Work item: Transcribe, word for word, all of the entries below, and exclude any pictures from the copy.

Data excerpts:
_ _ _ _ _ _ _

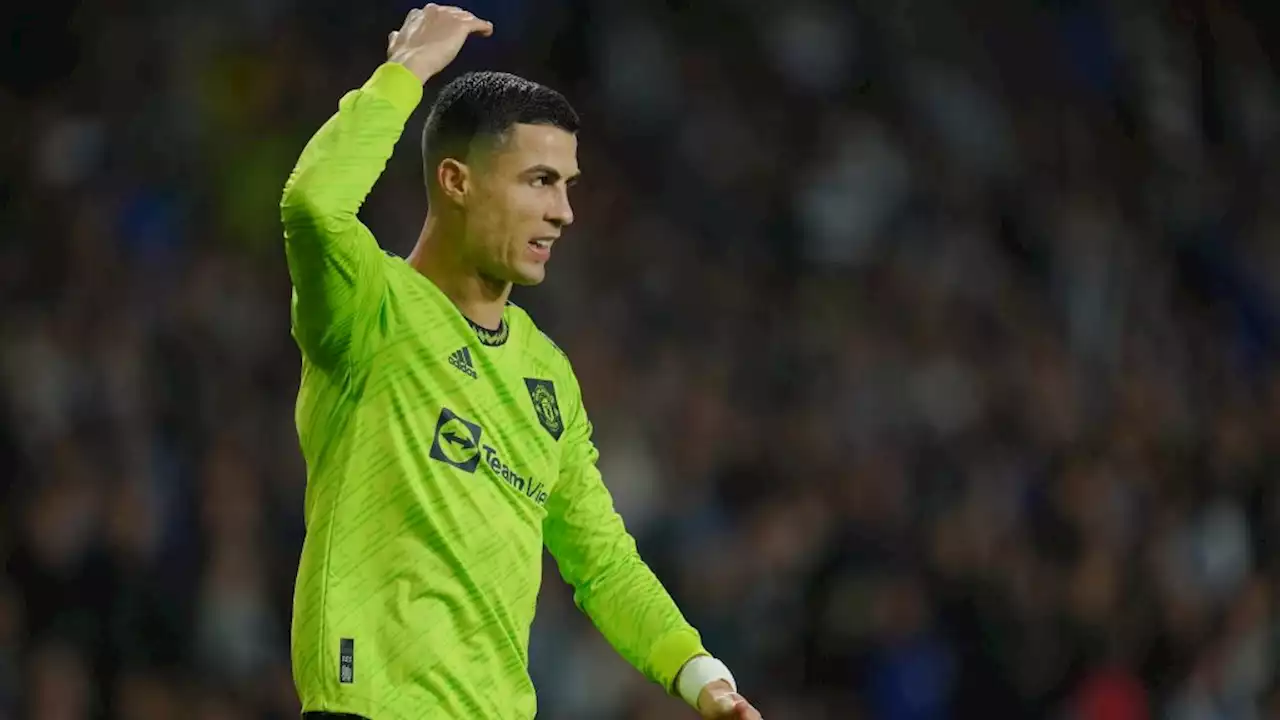 Ronaldo verlässt Manchester United!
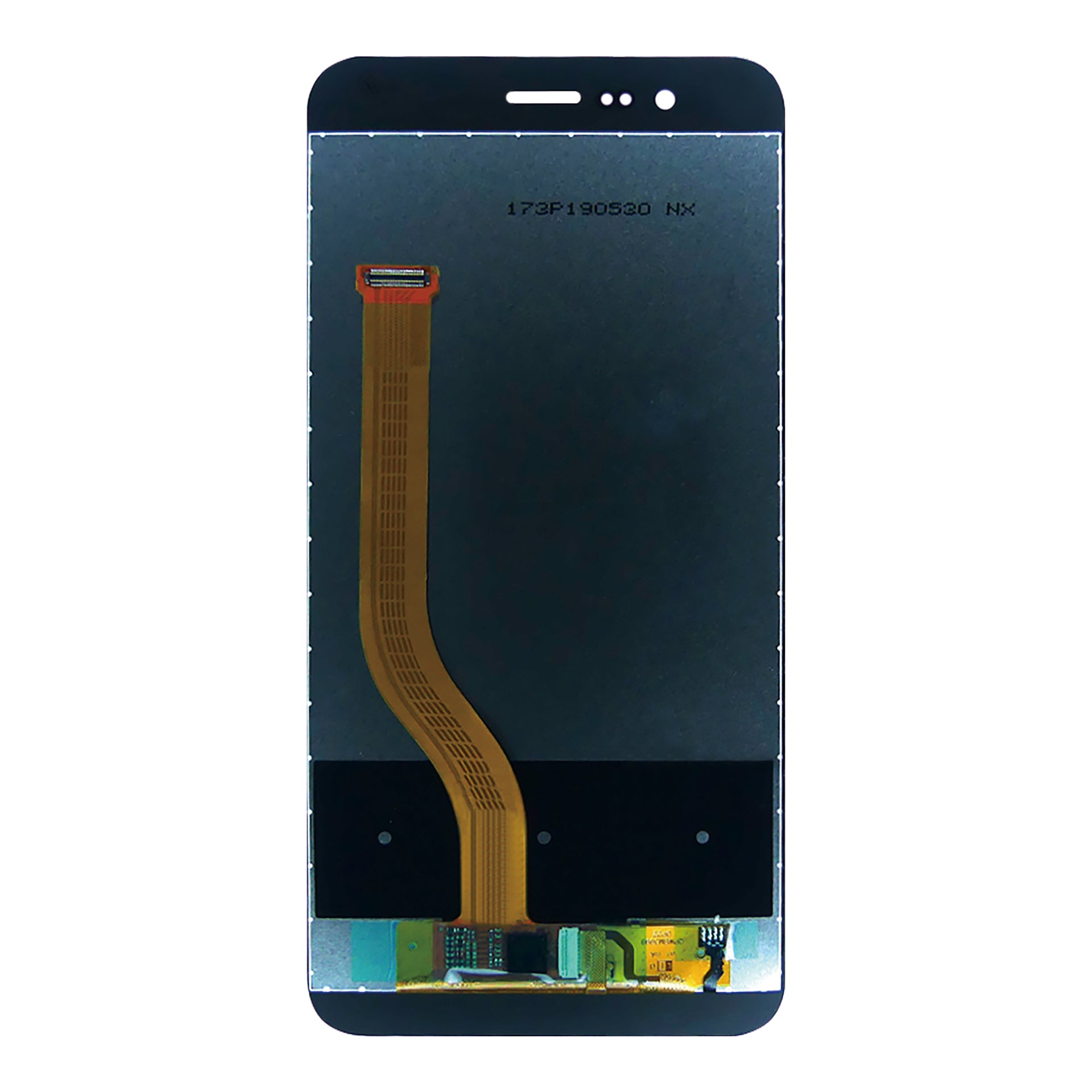 Huawei Honor 8 Pro Display And Digitizer Without Frame Black OEM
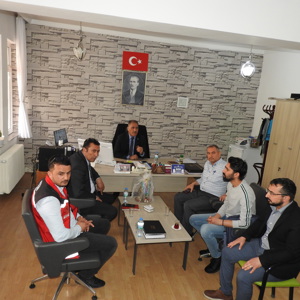 ÇEKOM İlimiz Denetim Komisyonu tarafından denetlendi - fotoğraf 8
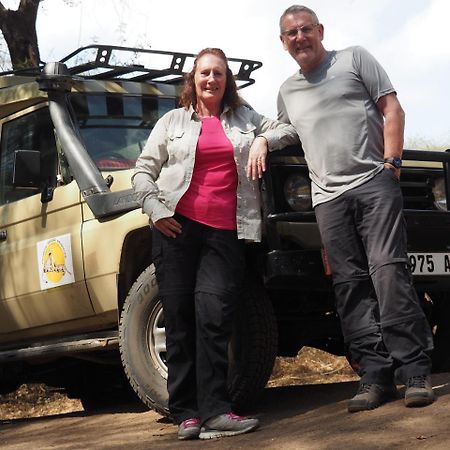 Mapito Tented Camp Serengeti Bagian luar foto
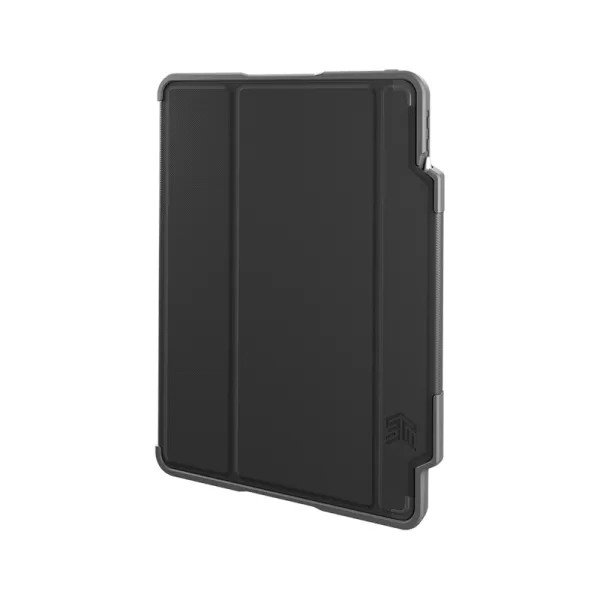 STM Dux Plus - Rugged Case for iPad Air 11” M3 (2025) / M2 (2024) / iPad Air 10.9” (5th-4th gen.) (2022-2020) MIL-STD-810G with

_ _ _ _ _ _ _

Answer space:
 Ronaldo verlässt Manchester United!
 Huawei Honor 8 Pro Display And Digitizer Without Frame Black OEM
 ÇEKOM İlimiz Denetim Komisyonu tarafından denetlendi - fotoğraf 8
 Mapito Tented Camp Serengeti Bagian luar foto
 STM Dux Plus - Rugged Case for iPad Air 11” M3 (2025) / M2 (2024) / iPad Air 10.9” (5th-4th gen.) (2022-2020) MIL-STD-810G with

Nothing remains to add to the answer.